Sulla stessa scia, invece, ma molto meglio i Big Troubles. Quartetto dal New Jersey in grado di realizzare due validi album in dodici messi, “Worry” e “Romantic Comedy”. Dai fuzz che piovevano senza pietà dell’esordio lanciato dal piccolo inno indipendente “Bite Yr Tongue” alle deviazioni twee del seguito. Il suono live ne risente. Meno Jesus & Mary Chain, più Teenage Fanclub. “She Smiles For Pictures” e “Sad Girls” denotano una buona vena, malgrado l’originalità non sia esattamente il loro punto forte. Tra un’ammiccata e l’altra a Corgan e soci, l’esibizione scorre molto liscia. Promossi.

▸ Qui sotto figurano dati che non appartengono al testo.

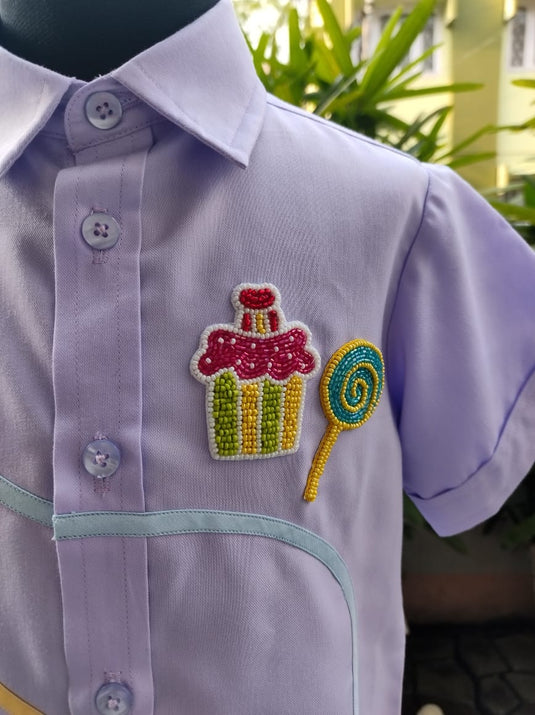 Lavender 3 Line Candy Shirt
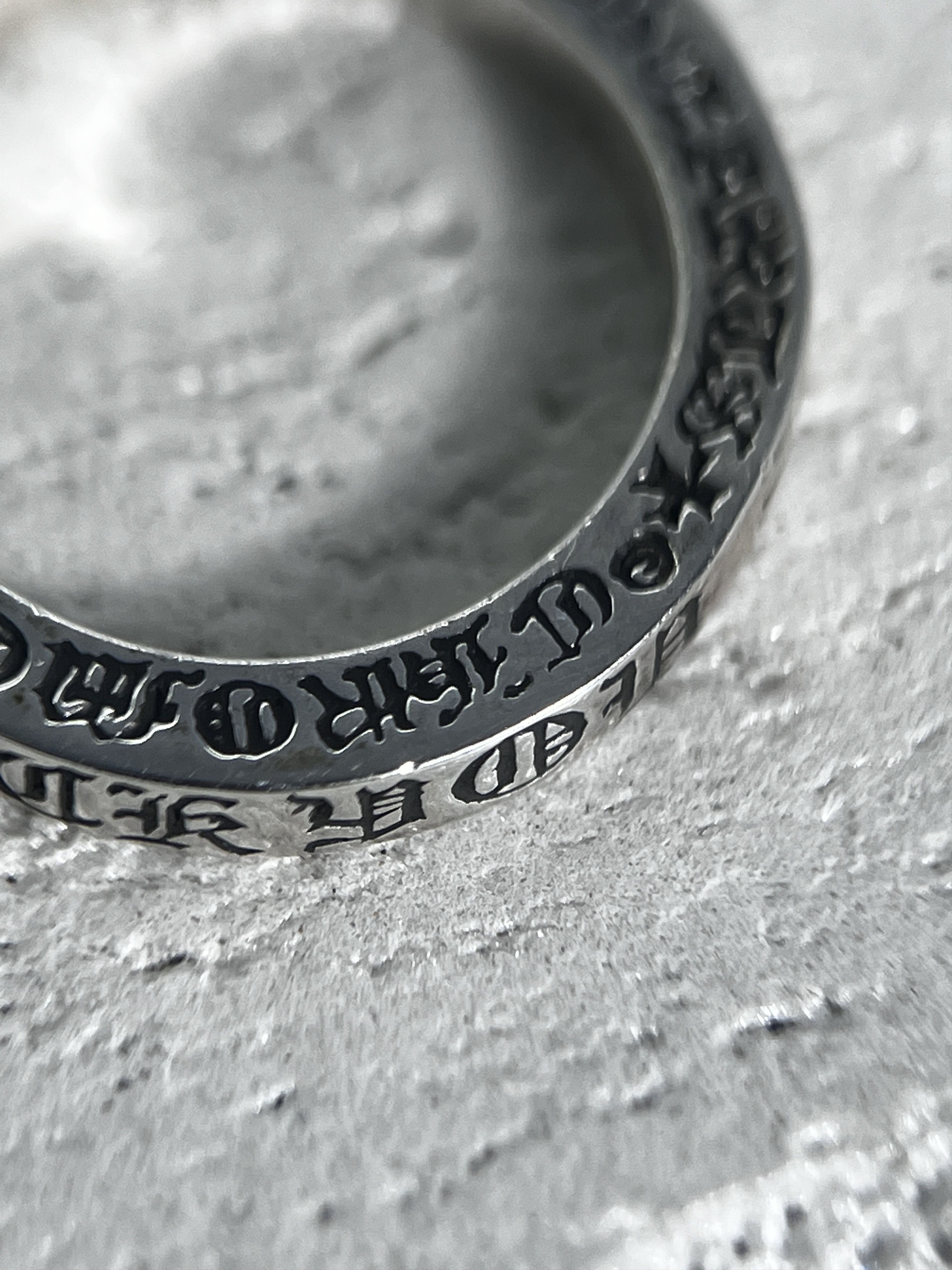 Chrome Hearts Chrome Hearts Script Spacer Ring .925 Size US7 Size ONE SIZE - 8 Thumbnail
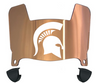 Michigan State Spartans Mini Football Helmet Visor Shield w/ Clips - PICK VISOR & LOGO COLOR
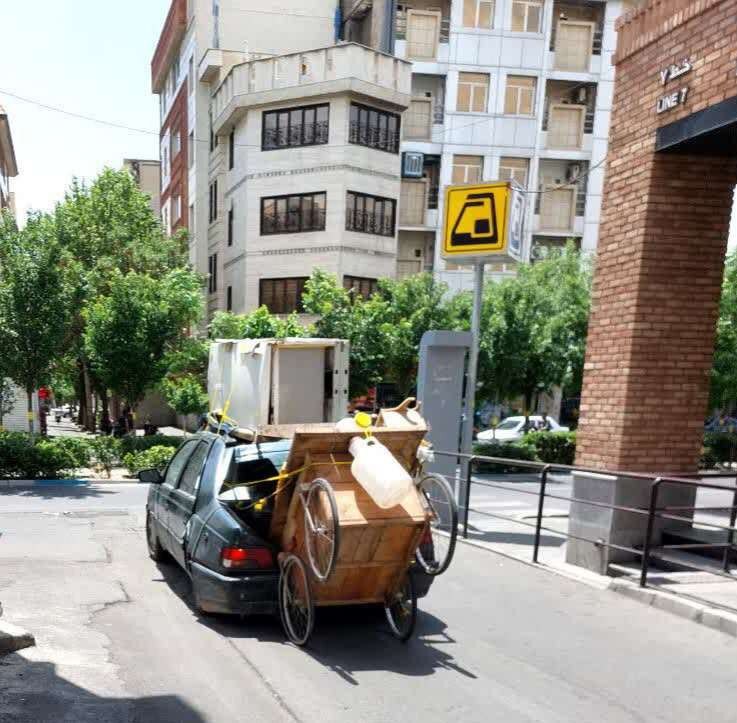 صحنه عجیبی که امروز در خیابان‌های تهران شکار شد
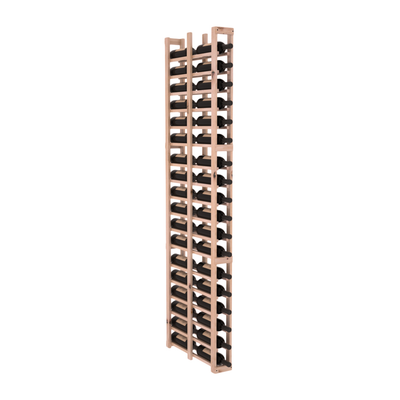 InstaCellar - 1 Column Double Deep Rack in Knotty Alder Unstained with WineSafe™ Satin Sealant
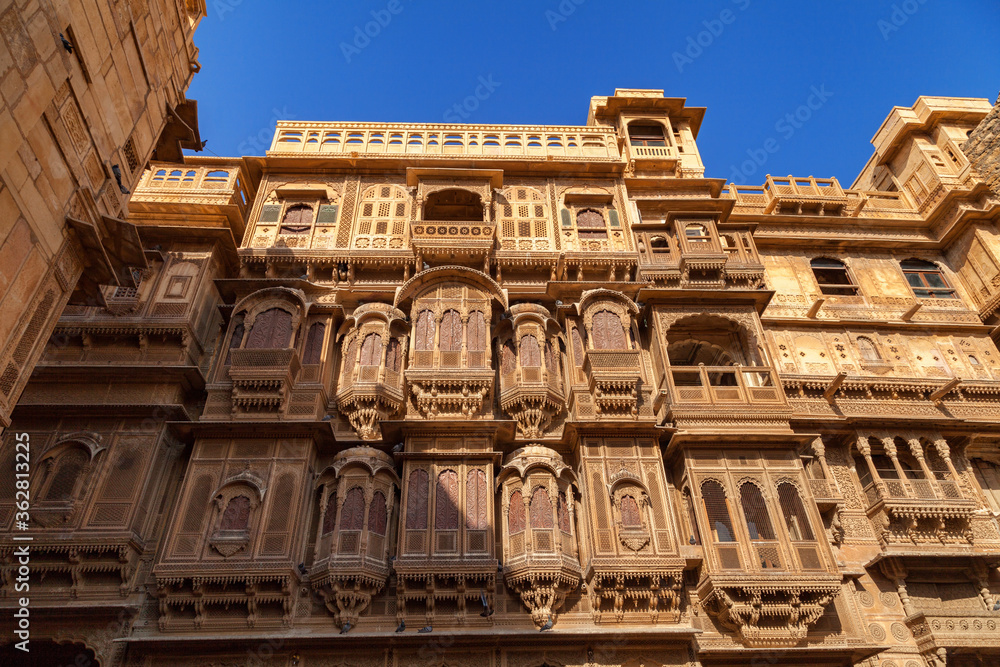 Patwon ki Haveli situated inside Sonar (Golden) Fort - Jaisalmer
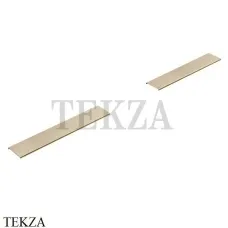 Gessi Shower G Drains Боковая крышка 70см для сливной фитинга, 67053-727, Brass Br. PVD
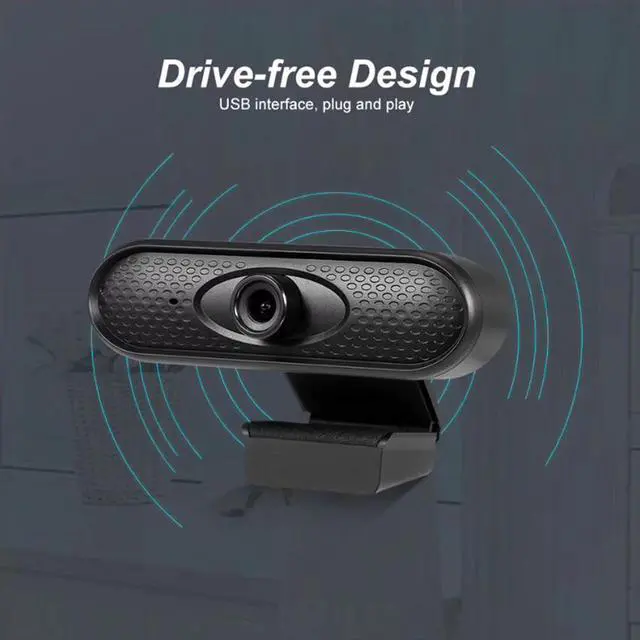 Alt view image 4 of 5 - 720P HD Webcam Built-in Microphone USB 2MP Driver  Web Cam Portable PC Laptop Web Camera for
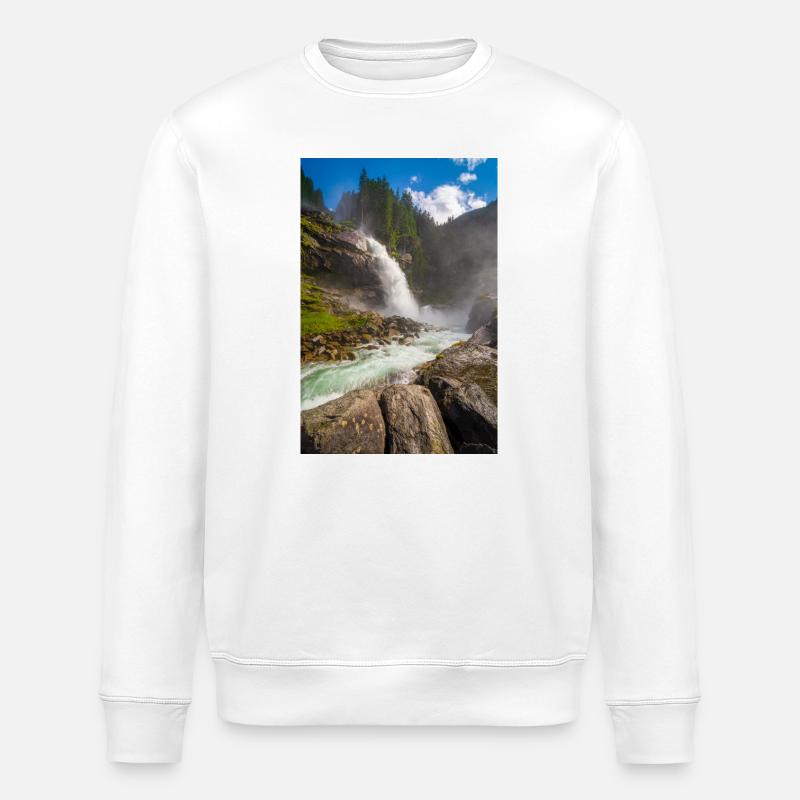 Krimmler Wasserfälle - Stanley/Stella Unisex Bio-Sweatshirt ROLLER - Weiß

Ma finalmente arriva lui. John Maus. L’ineffabile compositore con alle spalle PHD in Dottrine Politiche al SAIS di Ginevra sale su un palco completamente scarno. Un paio di pedaliere per basi e gli effetti vocali. Dinoccolato, vestito da dopolavoro, subito sudatissimo e apparentemente fattissimo inscena uno spettacolo che è una via di mezzo tra Mark E. Smith e un piano bar dark. “We Must Become The Pitiless Censors Of Ourselves” è a oggi uno degli album più significativi del 2011 (recensione). Una sorta di risposta intellettuale e per inguaribili darkettoni rimasti ancora sotto per Ultravox e affini. Nonostante la brevissima durata del live – il report sta già superando il minutaggio massimo – l’intensità è a tratti emotivamente irresistibile. I brani diventano dei flash fulminanti in cui il posseduto trentenne del Minnesota si trasfigura in un Alan Vega da telefilm americano. Soffre, si tiene il cuore, pare che da un momento all’altro sia sull’orlo del collasso psichico e fisico. Carica la platea, ora più nutrita ma dai numeri comunque relativamente non irripetibili, balla, invita le prime file a danzare, si danna in ogni modo come se le turbe gotiche di brani quali “The Crucifix” o “Streetlight” lo pervadessero dalla testa ai piedi. E poi “Head For The Country”, lo spleen senza confini di “And The Rain Come Down. Uno zombie amletico a tutti gli effetti, come definito alla perfezione da Giordani qui su Kalporz. “Maniac”, “Do Your Best” fanno ingoiare amaro. Lo zombie si dimena, si strugge ed esce di scena senza aggiungere nulla.
Ventidue minuti a loro modo irripetibili.